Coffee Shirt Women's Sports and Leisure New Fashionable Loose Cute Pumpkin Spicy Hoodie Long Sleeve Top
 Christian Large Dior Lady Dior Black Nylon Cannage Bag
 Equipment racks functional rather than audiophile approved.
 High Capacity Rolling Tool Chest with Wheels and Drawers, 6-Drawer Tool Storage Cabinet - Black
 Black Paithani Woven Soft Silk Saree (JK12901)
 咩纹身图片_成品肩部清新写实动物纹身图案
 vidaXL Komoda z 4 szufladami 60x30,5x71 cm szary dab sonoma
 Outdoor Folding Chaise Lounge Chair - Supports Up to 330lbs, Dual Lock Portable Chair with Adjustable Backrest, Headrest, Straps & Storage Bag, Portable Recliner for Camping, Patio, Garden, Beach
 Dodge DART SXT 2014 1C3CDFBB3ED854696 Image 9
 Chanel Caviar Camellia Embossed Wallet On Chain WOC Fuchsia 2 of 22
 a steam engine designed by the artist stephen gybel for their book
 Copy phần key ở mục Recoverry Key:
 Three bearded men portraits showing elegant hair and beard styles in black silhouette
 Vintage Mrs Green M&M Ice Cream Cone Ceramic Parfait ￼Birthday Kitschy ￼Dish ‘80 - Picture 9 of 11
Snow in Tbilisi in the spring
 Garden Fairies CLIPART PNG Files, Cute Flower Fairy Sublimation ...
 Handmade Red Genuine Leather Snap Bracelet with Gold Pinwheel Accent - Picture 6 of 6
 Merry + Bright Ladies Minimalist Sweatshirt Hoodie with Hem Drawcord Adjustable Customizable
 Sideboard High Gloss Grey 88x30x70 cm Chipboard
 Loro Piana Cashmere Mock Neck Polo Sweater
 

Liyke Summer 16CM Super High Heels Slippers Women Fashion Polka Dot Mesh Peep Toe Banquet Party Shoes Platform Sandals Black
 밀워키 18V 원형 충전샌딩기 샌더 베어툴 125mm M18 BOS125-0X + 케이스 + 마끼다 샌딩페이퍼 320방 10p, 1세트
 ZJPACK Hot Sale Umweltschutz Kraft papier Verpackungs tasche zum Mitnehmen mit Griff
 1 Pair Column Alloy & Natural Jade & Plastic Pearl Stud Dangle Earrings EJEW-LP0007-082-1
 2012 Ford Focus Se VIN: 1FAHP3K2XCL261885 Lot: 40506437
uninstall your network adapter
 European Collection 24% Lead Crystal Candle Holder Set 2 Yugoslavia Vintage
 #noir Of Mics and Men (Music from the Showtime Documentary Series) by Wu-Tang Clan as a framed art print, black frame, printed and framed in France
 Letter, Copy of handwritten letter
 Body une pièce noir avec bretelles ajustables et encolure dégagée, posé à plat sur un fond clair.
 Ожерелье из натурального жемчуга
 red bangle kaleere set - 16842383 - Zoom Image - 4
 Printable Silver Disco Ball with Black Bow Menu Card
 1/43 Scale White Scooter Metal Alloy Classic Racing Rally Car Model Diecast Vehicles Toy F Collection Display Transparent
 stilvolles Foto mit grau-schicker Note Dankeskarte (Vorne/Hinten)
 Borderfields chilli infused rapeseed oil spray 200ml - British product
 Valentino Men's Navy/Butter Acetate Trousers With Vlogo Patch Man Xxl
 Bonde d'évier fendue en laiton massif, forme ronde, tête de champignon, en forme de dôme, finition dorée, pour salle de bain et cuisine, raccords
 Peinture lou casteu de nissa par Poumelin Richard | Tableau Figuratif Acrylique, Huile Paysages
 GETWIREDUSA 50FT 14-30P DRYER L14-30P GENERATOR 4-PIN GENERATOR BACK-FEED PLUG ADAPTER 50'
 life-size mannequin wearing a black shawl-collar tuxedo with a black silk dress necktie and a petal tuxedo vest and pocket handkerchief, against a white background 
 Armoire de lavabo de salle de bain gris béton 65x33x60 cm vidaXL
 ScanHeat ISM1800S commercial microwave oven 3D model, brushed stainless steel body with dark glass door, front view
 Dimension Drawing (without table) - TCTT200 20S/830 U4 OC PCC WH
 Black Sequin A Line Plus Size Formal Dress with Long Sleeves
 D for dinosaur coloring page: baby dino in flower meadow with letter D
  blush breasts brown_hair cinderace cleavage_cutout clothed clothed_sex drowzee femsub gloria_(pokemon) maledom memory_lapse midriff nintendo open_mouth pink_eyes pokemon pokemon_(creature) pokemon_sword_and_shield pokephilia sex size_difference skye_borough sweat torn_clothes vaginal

● **REQUIREMENT**
Above are the records; please copy exactly their first line and each line after it through the line containing "Dodge DART SXT", and no line after that.

● **ANSWER BOX**
Coffee Shirt Women's Sports and Leisure New Fashionable Loose Cute Pumpkin Spicy Hoodie Long Sleeve Top
 Christian Large Dior Lady Dior Black Nylon Cannage Bag
 Equipment racks functional rather than audiophile approved.
 High Capacity Rolling Tool Chest with Wheels and Drawers, 6-Drawer Tool Storage Cabinet - Black
 Black Paithani Woven Soft Silk Saree (JK12901)
 咩纹身图片_成品肩部清新写实动物纹身图案
 vidaXL Komoda z 4 szufladami 60x30,5x71 cm szary dab sonoma
 Outdoor Folding Chaise Lounge Chair - Supports Up to 330lbs, Dual Lock Portable Chair with Adjustable Backrest, Headrest, Straps & Storage Bag, Portable Recliner for Camping, Patio, Garden, Beach
 Dodge DART SXT 2014 1C3CDFBB3ED854696 Image 9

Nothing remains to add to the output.